§ **WORK TO BE COMPLETED**: Restate the listing below word for word, and leave its pictures behind.

§ **DATA BLOCK**:
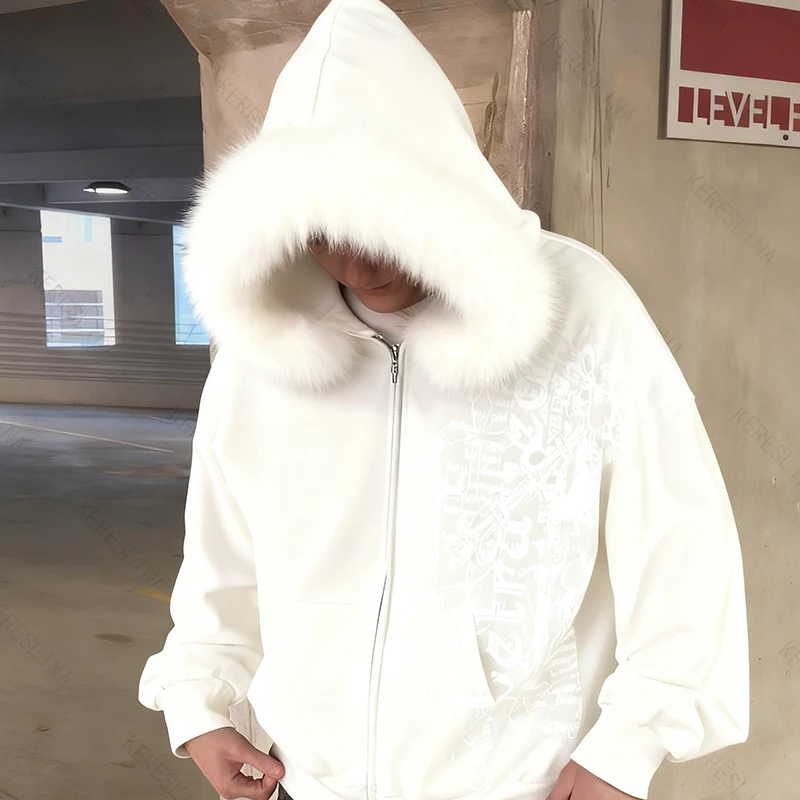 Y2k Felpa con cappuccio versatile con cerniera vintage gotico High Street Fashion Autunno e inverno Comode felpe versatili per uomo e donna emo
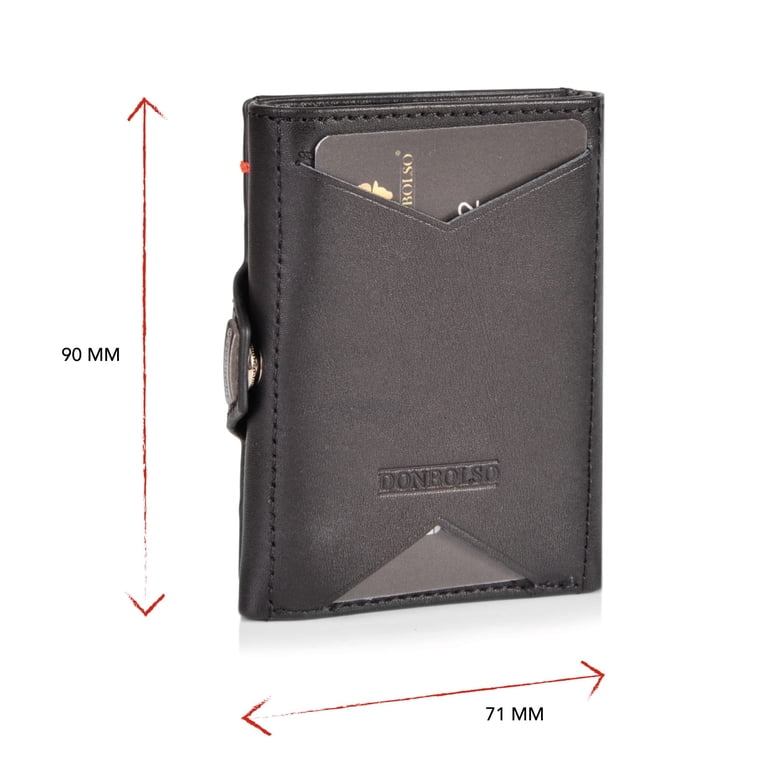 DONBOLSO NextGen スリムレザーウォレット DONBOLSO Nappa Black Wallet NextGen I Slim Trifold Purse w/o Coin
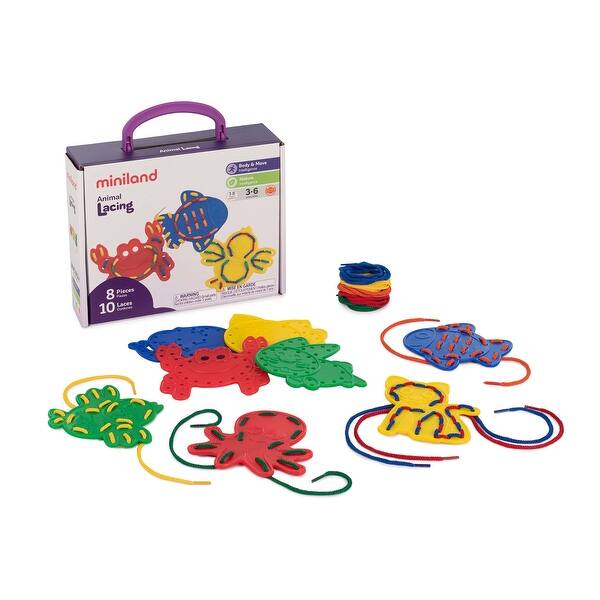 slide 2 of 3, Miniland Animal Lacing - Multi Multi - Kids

§ **EXERCISE SOLUTION**:
 Y2k Felpa con cappuccio versatile con cerniera vintage gotico High Street Fashion Autunno e inverno Comode felpe versatili per uomo e donna emo
 DONBOLSO NextGen スリムレザーウォレット DONBOLSO Nappa Black Wallet NextGen I Slim Trifold Purse w/o Coin
 slide 2 of 3, Miniland Animal Lacing - Multi Multi - Kids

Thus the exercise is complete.